Asia’s growth, though, is borne of its resiliency. It has precisely because of its experience of pain and inferiority that it has developed a capacity for taking hard punches, of being beaten, but of surviving through it all. The effect of that whole process of being conquered, colonized, exploited, and kept at the bottom of the cellar has been submission on the outside than resentment at the inside. China and India broke loose from historical imposition and beating the West in its own game. Even Russia that was almost begging from its Western counterparts just yesterday seems determined to regain its dominant status even in global economics.

Where, then, is the Filipino in all of this?

At home, things are not well all. Government as represented by the president and Congress are overwhelmingly unpopular. The Catholic Church is slowly losing its own credibility as an institution with respect and admiration for it waning as fast as the confusion that its highest leadership generates with less than united and consistent actuation on several issues. Philippine society is virtually leaderless as the traditional State and Church dominance clings on mostly by the force of police state and the fear of hell. In the whole equation, both State and Church provide no inspiration, no vision, no noble mission which they can send their people to eagerly pursue.

The American economic debacle hurts Filipino-Americans, and the pain of Fil-Ams translate to pain for their families and relatives in the homeland. Remittances from America still comprise the the majority of all remittances to the Philippines, and decreased earnings by Fil-Ams will result in less remittances to Filipinos and the Philippine economy. A century ago, history created an umbilical cord between the Philippine and America. The relationship has not always been a fair one or a kind one, but it is there and it is being evolved to being a more intimate one with a few million Filipinos now citizens of the United States.

Filipinos rank as the second most highest income earner among ethnic groups in America, Filipino families earning even higher incomes than American families on the average. In a small gathering I attended last night in Chicago, I was told by one Fil-Am lady that she did not feel having done anything spectacular to achieve economic well-being except seize opportunity after opportunity that she encountered along the way. With her was one Fil-Am after another who, too, had done the same and who, too, were progressing by the day. There were dentists, artists, journalists, TV producers and the simply employed, a good representation of first and second generation Fil-Ams.
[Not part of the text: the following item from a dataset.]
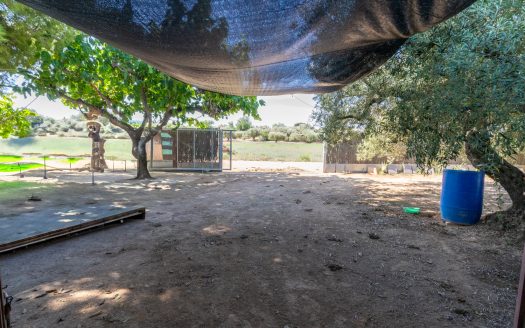 Finca d’oliveres amb aigua de reg (113)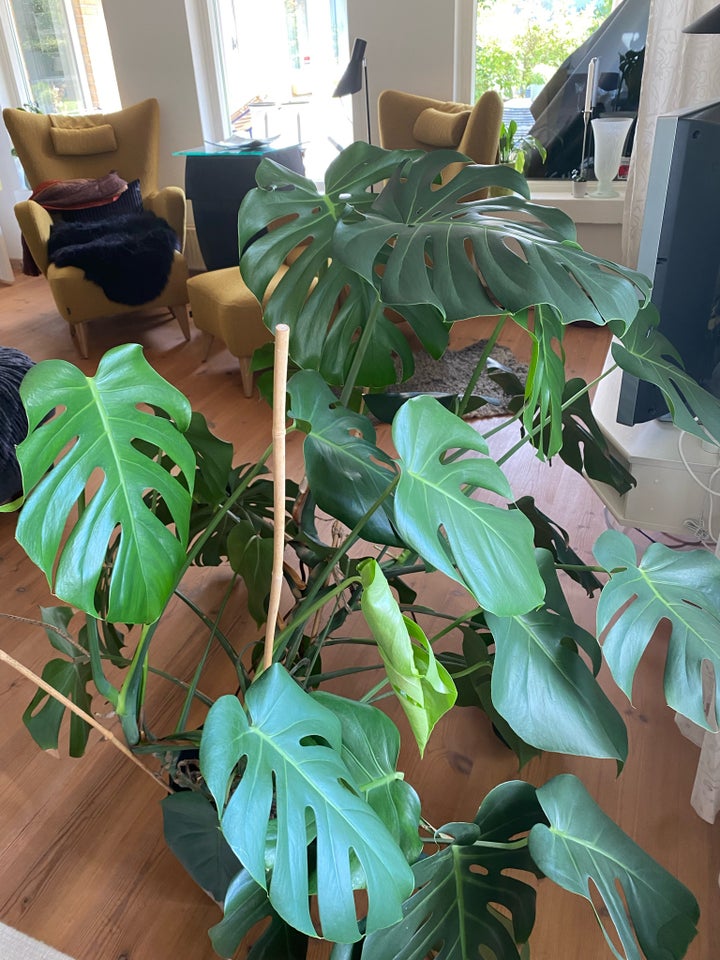 Grøn plante, Monstera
I was amazed at the spirit that was prevalent in that gathering. Whatever generation they belonged to, whatever profession or business they were involved in, a common thread of love for the homeland and concern for the poor was clearly evident, and the determination to each find a tangible way to share their blessings. Everyone accepted that the divisiveness that defined especially the first generation Fil-Ams but it was obvious that the younger generation was moving under a different environment.

The memory of a native land of of blood ties to a people left behind deeply mired in poverty and corruption is not anymore simply discouraging Fil-Ams as they used to. Perhaps, decades of frustrations have pushed many Fil-Ams today to think of different ways by which they can help the Philippines despite the absence of inspiring leadership and good governance. In other ways, the urge to help is getting stronger and can soon overtake the propensity to merely gripe about things.
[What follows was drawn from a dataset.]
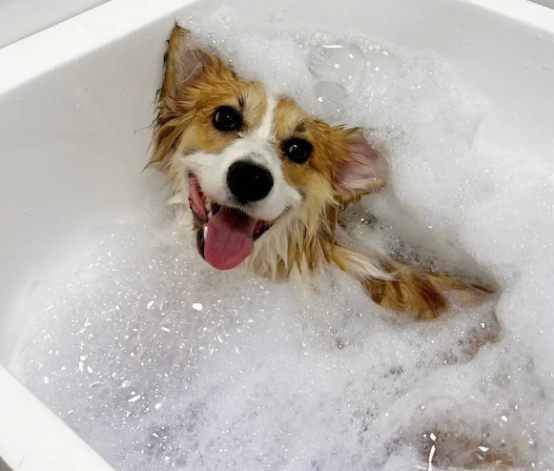 狗狗毛发粗糙用什么洗护,狗狗的毛发不顺最简单的方法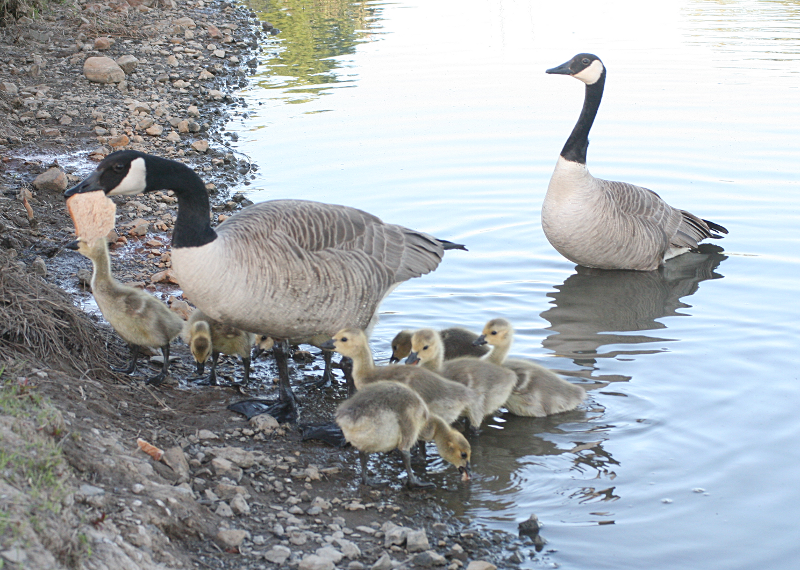 Canada Goose goslings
I have been moving to one city from another, so many in California, Maryland, Virginia and, now, in Illinois. I have several to visit before I can complete this trip, but it is obvious that a special moment in the evolution of Filipinos is now emerging. It is an awesome emergence, one I had feared I would not live to see in my lifetime. Today, though, I am convinced that the trend is irreversible, and becomes more so under adversity. Truly, patriotism for the native land is alive and being stoked, not discouraged, by failed leaderships all around us.

It seems true, then, that despair can lead to determination, that frustration can lead to action. The air is truly laden with a strange and rare quality of hope that is undeterred by a darkening moment. It is not a hope of fantasy, but a hope grounded on a resolve to act, to contribute, to change, to share, to save the poor, to build a nation. It is an energy preparing to burst, difficult to describe but palpable enough to sense.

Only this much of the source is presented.